With many microservices, the number of configurable items (CIs) becomes too high, and the number of servers in which these CIs are deployed might also be unpredictable. This makes it extremely difficult to manage data in a traditional Configuration Management Database (CMDB). In many cases, it is more useful to dynamically discover the current running topology than a statically configured CMDB-style deployment topology.

Microservices also pose a challenge for the testability of services. In order to achieve a full-service functionality, one service may rely on another service, and that, in turn, on another service—either synchronously or asynchronously. The issue is how do we test an end-to-end service to evaluate its behavior? The dependent services may or may not be available at the time of testing.

Service virtualization or service mocking is one of the techniques used for testing services without actual dependencies. In testing environments, when the services are not available, mock services can simulate the behavior of the actual service. The microservices ecosystem needs service virtualization capabilities. However, this may not give full confidence, as there may by many corner cases that mock services do not simulate, especially when there are deep dependencies.

Another approach, as discussed earlier, is to use a consumer driven contract. The translated integration test cases can cover more or less all corner cases of the service invocation.

Test automation, appropriate performance testing, and continuous delivery approaches such as A/B testing, future flags, canary testing, blue-green deployments, and red-black deployments, all reduce the risks of production releases.

As briefly touched on under operation overheads, manual deployment could severely challenge the microservices rollouts. If a deployment has manual elements, the deployer or operational administrators should know the running topology, manually reroute traffic, and then deploy the application one by one till all services are upgraded. With many server instances running, this could lead to significant operational overheads. Moreover, the chances of errors are high in this manual approach.

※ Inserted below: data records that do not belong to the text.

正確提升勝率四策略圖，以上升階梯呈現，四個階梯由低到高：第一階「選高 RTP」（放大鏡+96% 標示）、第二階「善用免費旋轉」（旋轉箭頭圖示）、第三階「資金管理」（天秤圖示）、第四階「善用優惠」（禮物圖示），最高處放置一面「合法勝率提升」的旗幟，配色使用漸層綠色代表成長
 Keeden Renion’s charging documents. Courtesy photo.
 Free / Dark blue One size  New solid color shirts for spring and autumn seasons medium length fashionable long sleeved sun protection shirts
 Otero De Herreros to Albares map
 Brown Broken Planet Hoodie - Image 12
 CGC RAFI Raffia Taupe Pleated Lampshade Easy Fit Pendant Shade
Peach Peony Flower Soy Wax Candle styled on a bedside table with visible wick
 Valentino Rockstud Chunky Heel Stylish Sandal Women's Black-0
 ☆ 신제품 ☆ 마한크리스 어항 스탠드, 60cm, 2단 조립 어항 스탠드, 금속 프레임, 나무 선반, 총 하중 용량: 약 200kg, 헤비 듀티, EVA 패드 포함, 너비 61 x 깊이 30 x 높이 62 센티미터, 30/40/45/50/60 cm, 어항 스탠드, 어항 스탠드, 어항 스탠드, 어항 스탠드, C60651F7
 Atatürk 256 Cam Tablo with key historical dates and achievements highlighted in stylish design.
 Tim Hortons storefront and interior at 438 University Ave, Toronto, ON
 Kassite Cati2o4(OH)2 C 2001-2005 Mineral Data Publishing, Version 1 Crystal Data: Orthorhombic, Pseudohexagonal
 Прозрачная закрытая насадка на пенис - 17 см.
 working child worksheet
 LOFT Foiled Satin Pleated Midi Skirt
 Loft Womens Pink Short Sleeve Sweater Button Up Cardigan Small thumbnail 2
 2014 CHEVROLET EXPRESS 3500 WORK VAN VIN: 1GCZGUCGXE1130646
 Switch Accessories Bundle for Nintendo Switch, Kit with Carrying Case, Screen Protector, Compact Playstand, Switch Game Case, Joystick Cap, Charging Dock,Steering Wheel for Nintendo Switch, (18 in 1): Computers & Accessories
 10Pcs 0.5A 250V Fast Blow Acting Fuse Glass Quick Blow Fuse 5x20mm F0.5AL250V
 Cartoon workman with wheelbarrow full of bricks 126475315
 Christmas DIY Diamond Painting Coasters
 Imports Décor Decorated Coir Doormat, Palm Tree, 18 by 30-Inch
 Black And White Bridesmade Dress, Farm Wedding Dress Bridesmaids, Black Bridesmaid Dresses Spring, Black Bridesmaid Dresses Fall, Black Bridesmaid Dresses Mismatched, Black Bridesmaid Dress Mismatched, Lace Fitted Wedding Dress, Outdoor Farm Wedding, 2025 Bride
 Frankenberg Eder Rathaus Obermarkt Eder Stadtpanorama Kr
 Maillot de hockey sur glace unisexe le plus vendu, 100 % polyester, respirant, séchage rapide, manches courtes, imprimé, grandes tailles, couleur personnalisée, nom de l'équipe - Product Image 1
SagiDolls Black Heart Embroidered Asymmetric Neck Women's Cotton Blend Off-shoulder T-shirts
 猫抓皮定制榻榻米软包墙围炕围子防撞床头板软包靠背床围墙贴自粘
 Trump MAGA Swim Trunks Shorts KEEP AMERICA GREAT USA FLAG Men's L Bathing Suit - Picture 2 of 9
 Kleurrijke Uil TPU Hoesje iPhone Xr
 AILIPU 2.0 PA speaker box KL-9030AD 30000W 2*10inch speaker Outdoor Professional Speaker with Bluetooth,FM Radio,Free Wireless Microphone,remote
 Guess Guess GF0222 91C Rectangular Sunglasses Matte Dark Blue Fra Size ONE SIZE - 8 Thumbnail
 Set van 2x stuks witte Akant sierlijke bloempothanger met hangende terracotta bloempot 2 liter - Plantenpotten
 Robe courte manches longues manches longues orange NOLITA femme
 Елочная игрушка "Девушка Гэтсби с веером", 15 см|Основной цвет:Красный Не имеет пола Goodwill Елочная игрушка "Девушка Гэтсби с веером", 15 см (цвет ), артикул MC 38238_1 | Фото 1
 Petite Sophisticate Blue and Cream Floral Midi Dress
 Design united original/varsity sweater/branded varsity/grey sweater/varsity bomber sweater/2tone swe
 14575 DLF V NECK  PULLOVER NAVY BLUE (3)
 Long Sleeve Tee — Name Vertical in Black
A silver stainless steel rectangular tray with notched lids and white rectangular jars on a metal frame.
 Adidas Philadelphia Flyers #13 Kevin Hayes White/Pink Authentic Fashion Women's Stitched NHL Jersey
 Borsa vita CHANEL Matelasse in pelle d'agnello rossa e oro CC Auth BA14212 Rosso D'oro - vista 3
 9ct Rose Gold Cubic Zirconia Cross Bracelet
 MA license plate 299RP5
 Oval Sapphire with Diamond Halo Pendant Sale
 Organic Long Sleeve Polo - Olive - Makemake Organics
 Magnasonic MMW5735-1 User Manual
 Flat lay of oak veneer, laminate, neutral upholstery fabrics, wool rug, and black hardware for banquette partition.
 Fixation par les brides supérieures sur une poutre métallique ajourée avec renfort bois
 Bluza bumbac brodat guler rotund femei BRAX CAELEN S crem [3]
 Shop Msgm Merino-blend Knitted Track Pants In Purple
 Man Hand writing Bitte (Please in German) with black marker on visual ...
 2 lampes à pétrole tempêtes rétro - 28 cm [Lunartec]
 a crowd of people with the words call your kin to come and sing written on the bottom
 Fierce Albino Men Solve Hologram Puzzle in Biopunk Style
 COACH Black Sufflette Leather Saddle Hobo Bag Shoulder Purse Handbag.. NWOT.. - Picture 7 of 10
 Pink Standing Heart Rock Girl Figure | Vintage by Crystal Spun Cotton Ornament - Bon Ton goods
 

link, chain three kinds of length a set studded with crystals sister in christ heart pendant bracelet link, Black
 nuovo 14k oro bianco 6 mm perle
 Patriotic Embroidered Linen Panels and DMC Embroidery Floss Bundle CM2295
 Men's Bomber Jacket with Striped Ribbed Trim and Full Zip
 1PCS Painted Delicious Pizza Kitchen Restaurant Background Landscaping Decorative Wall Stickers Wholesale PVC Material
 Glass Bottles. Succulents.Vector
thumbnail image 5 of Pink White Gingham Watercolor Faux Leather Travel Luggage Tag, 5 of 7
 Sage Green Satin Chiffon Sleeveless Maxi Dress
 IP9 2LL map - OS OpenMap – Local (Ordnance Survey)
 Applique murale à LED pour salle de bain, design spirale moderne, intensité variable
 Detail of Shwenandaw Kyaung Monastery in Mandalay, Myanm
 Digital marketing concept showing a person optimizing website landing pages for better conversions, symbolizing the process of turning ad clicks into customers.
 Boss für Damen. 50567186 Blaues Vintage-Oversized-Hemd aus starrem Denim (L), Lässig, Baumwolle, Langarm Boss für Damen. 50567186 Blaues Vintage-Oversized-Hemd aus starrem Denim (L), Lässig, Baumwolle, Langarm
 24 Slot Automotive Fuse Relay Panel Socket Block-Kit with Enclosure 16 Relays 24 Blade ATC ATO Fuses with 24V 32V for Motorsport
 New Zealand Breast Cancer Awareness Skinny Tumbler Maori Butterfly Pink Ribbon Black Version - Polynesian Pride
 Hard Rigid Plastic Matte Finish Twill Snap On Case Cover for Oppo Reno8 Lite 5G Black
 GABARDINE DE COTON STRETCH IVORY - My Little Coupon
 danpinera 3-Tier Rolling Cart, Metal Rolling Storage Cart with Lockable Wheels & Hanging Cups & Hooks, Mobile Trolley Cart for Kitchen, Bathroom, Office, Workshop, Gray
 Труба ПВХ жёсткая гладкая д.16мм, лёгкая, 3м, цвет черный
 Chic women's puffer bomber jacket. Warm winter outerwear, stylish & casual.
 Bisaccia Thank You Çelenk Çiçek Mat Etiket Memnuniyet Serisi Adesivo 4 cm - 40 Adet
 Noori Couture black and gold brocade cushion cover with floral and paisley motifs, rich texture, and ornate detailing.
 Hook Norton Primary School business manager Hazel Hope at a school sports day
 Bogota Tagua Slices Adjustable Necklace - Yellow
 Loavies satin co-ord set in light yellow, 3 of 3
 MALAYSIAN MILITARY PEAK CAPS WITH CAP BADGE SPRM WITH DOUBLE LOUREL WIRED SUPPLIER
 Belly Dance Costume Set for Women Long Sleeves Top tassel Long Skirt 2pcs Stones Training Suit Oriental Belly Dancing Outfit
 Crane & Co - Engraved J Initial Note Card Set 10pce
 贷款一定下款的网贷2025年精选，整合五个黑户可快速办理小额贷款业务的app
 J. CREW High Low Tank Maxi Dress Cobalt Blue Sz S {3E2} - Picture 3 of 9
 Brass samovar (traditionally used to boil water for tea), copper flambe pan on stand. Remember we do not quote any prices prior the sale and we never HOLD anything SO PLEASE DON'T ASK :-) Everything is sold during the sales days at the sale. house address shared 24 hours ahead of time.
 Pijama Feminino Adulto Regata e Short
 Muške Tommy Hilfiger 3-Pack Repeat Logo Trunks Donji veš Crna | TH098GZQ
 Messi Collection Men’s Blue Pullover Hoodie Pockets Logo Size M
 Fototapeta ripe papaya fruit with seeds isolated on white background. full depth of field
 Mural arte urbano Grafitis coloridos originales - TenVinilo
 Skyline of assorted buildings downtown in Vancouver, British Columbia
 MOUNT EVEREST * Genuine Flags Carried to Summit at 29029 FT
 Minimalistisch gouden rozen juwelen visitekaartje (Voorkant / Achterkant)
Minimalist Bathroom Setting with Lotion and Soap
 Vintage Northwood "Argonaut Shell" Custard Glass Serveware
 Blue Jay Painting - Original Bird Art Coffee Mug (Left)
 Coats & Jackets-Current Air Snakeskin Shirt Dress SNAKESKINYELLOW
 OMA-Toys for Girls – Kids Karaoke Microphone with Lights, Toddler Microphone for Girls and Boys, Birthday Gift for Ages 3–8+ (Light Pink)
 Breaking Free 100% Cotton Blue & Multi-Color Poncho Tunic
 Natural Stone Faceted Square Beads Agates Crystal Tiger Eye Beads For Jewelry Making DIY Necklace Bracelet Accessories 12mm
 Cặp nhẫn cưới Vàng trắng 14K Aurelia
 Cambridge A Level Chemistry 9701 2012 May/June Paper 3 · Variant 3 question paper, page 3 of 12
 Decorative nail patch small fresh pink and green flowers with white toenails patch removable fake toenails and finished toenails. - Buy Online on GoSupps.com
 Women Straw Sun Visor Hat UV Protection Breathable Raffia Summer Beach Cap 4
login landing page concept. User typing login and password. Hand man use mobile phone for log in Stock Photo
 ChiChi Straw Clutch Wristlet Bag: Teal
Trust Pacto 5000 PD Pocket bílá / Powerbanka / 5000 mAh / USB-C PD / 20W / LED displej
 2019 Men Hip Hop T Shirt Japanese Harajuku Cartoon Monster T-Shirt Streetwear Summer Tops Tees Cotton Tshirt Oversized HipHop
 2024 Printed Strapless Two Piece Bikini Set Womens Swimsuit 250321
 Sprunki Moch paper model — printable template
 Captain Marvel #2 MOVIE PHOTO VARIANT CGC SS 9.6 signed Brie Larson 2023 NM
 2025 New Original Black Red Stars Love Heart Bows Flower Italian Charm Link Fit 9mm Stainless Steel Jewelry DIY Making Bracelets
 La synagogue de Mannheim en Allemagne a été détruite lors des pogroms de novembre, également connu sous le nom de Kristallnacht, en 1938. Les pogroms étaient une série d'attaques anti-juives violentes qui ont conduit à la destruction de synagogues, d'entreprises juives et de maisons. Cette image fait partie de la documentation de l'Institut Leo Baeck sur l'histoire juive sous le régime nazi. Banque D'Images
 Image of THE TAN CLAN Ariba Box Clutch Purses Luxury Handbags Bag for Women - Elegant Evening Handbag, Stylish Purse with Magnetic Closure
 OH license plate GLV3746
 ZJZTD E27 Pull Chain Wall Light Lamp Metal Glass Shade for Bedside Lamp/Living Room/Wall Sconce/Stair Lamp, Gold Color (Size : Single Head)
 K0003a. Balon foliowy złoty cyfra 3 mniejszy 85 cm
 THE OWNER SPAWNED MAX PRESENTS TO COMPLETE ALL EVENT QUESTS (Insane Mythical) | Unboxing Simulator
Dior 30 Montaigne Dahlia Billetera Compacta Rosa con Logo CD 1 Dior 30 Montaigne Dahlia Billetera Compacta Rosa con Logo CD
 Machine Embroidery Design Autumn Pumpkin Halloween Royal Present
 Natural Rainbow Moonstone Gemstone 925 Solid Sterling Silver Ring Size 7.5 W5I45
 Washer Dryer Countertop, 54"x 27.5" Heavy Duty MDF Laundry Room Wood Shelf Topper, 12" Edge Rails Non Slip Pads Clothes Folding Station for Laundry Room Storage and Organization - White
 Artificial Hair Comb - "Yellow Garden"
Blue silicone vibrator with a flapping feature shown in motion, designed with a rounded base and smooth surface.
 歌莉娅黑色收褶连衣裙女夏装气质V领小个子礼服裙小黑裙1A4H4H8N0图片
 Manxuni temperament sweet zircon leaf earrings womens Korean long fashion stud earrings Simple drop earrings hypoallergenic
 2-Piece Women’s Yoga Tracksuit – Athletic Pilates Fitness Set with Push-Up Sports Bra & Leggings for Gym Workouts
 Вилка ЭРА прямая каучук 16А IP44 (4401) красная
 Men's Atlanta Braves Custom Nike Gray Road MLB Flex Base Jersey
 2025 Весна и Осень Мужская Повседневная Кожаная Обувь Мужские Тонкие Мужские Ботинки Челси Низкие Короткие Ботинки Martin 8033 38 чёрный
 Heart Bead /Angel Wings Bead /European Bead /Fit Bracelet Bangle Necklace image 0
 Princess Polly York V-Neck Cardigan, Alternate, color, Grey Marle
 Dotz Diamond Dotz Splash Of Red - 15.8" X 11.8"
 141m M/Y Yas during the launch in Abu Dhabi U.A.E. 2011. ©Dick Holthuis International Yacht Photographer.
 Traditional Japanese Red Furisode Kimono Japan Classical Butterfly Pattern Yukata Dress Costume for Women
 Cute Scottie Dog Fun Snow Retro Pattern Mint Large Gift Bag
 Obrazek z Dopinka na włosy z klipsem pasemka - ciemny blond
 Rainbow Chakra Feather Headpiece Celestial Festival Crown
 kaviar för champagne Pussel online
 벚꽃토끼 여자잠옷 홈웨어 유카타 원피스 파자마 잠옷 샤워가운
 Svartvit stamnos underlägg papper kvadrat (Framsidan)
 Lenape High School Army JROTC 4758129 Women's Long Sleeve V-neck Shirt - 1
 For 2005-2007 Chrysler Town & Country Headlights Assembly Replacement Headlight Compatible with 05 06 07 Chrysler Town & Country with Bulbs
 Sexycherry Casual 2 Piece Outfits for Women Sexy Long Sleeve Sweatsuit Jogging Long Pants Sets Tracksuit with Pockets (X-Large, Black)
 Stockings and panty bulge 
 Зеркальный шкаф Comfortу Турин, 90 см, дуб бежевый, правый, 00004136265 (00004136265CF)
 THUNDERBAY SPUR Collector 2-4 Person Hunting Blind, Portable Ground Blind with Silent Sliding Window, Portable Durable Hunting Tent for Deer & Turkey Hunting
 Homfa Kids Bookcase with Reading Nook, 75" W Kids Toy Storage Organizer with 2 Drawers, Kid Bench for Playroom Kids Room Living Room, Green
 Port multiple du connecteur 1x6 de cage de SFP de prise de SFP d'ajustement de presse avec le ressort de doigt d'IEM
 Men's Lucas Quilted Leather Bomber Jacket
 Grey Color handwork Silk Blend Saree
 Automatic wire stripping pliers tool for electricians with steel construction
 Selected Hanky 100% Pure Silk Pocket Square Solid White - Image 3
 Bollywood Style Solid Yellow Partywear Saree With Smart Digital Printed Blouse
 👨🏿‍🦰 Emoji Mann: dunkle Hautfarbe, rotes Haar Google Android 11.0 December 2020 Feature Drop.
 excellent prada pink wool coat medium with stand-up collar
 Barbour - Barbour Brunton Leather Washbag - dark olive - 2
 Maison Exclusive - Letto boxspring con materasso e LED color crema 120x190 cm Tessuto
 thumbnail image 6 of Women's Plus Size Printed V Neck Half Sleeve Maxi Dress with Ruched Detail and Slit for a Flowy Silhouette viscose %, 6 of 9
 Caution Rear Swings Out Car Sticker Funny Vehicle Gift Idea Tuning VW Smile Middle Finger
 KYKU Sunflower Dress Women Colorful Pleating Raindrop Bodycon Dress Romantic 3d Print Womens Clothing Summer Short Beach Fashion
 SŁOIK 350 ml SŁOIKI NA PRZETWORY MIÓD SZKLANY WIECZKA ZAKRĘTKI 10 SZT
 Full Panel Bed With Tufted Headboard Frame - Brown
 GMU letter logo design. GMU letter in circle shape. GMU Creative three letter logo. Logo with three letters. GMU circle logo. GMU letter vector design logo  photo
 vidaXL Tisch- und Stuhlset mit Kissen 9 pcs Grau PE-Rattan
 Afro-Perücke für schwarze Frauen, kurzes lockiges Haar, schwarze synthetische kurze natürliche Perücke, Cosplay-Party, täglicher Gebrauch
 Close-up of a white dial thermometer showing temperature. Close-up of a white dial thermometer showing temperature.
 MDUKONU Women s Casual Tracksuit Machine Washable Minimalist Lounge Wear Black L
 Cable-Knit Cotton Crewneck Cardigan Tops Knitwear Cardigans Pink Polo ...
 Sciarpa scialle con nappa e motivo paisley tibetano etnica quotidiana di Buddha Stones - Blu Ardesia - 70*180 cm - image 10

Microservices require a supporting elastic cloud-like infrastructure which can automatically provision VMs or containers, automatically deploy applications, adjust traffic flows, replicate new version to all instances, and gracefully phase out older versions. The automation also takes care of scaling up elastically by adding containers or VMs on demand, and scaling down when the load falls below threshold.

In a large deployment environment with many microservices, we may also need additional tools to manage VMs or containers that can further initiate or destroy services automatically.